As you might imagine, there are very strict rules around alcohol (and other drug) use for staff operating flights. Each airline or local aviation authority may have a slightly different rule for the blood alcohol allowed in a pilot or cabin crew members system in order for them to be fit to fly.
Pilots and cabin crew are randomly breath tested from time to time when they report for duty.
The Australian newspaper is reporting that last Saturday, Singapore Airlines flight SQ247 from Melbourne to Wellington, scheduled to depart at 7:00am was cancelled, because the Boeing 777 Captain operating the flight failed a random blood alcohol test conducted by the Civil Aviation Safety Authority (CASA).
CASA has confirmed an airline crew member failed a test over the weekend.
For any airline operating flights from Australia (that falls under CASA’s reach), that limit is 0.02%. Airlines have a ‘bottle to throttle’ rule as a guide to help their crew with their alcohol consumption. This is a guide as to how many hours crew should allow between their last drink and the time they report for duty.
Singapore Airlines has a ‘bottle to throttle’ rule of eight hours, so the captain should have stopped drinking eight hours earlier.
Either he did not, or he drank a HUGE amount the night before.
As a guide, the legal level of blood alcohol to drive a car in Australia (where the incident took place) is 0.05%.
This is a fifth freedom route for Singapore Airlines between Australia and New Zealand. The flight commences in Singapore, then flies to Melbourne, onto Wellington and then does the reverse.
As Melbourne is an outstation for Singapore Airlines, they could not locate an alternate captain to operate the flight, so SQ247 (and the following SQ248 from Wellington to Melbourne) was cancelled.
Passengers on the cancelled flight were initially told the pilot was ‘sick’.
Singapore Airlines have only said of the incident:
We will work closely with the Australian and Singaporean authorities to ensure they are supplied the information they require. We sincerely apologise to those affected by the cancellation of these flights. However the safety of our customers and crew is our highest priority.

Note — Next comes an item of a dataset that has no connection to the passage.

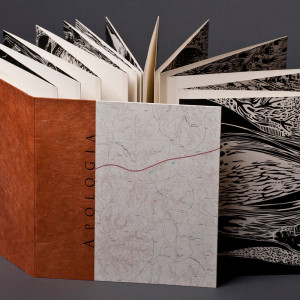 A slightly unfolded accordion book showing the arrangement of pages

Understandably the consequences for the pilot are likely to be very severe. He has been immediately suspended and there is a good chance he will never fly again.

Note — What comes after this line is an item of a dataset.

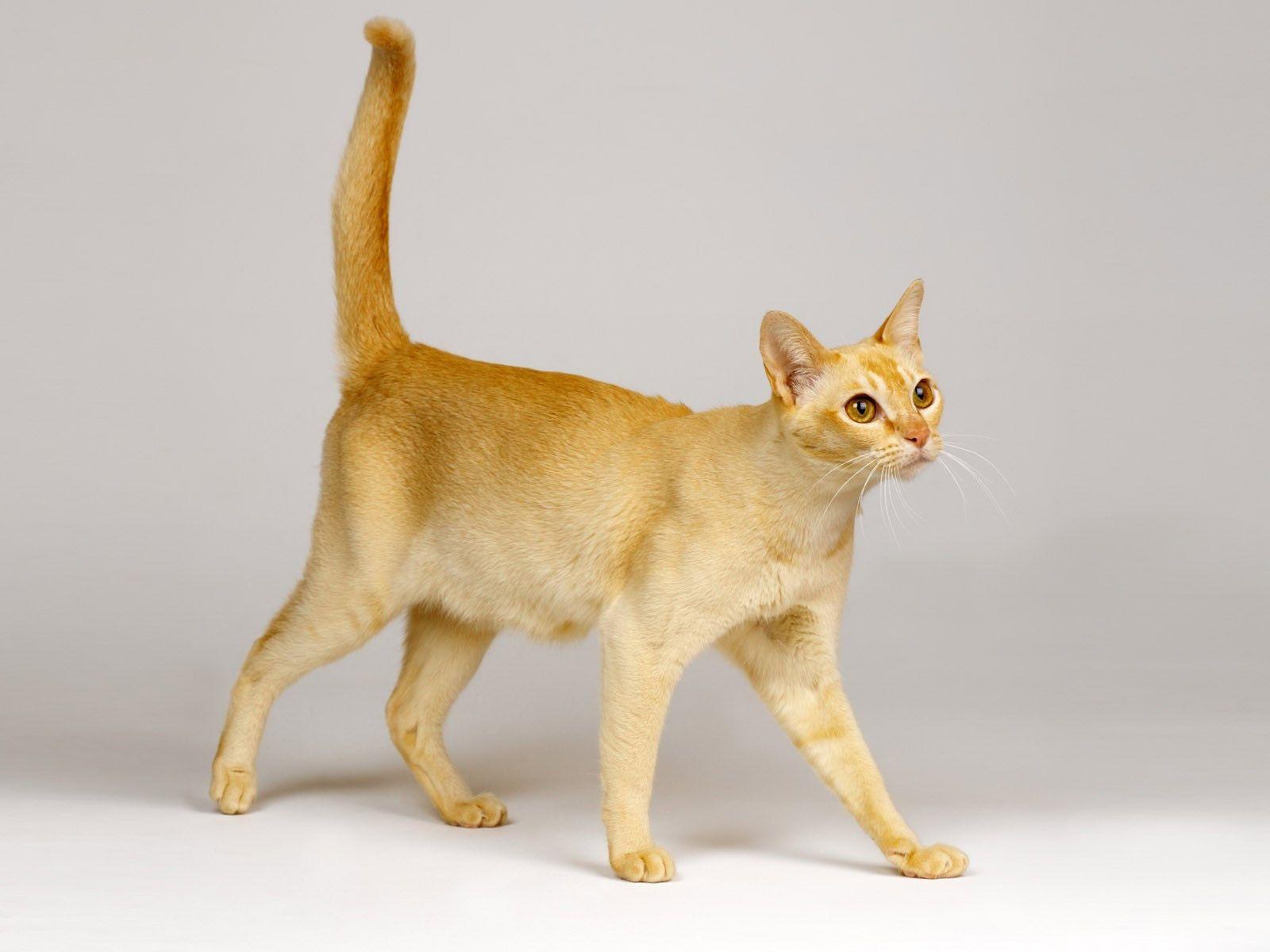 1600x1200 Singapura picture, information, training, grooming and kittens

CASA have revealed they have tested 12,130 test on airline pilots and crew in the last financial year and that of those tested, five recorded positive results for drugs, and a further three for alcohol. That means that more than 99.9% of flight crew pass the test.
I used to love watching the British trash/soap TV show ‘Mile High’ which dramatised the daily lives of a fictional short haul discount airline based in the UK. To say both the pilots and cabin crew drank heavily (and took drugs) while ‘down route’ is an understatement.
So, it happens.
But for a captain for an airline as prestigious as Singapore Airlines to make such a grave error is pretty crazy.
Have you ever had a flight cancelled because of a mystery crew illness?